## Assigned task
Would you copy the records exactly, leaving the pictures out?

══ Source material ══

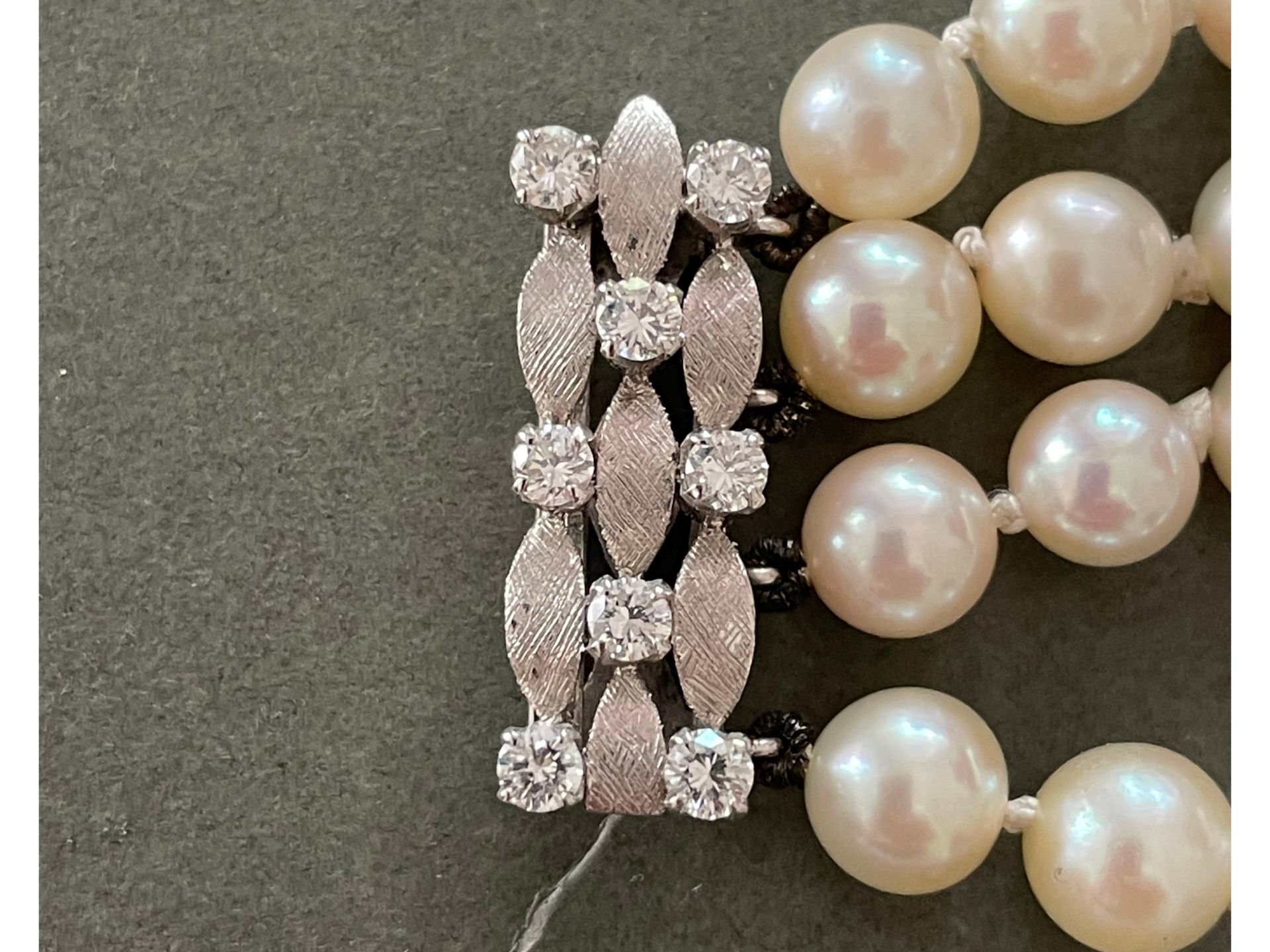 Bracelet of four rows of pearls, 
With white gold mounting and diamonds, 
Ca. 1970 - Image 4 of 4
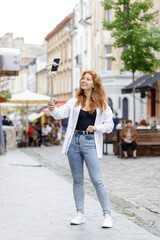 Obraz na płótnie Canvas Young redheaded beautiful woman walking through the old city and using her mobile phone for video blogging. Pretty smiling girl chatting online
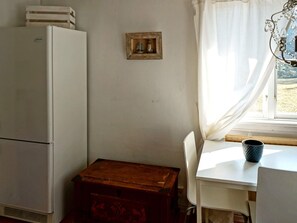 A compact room with a white refrigerator, a wooden chest, a white table, and a window with curtains.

═══

## Answer box
 Bracelet of four rows of pearls, 
With white gold mounting and diamonds, 
Ca. 1970 - Image 4 of 4
 Obraz na płótnie Canvas Young redheaded beautiful woman walking through the old city and using her mobile phone for video blogging. Pretty smiling girl chatting online
 A compact room with a white refrigerator, a wooden chest, a white table, and a window with curtains.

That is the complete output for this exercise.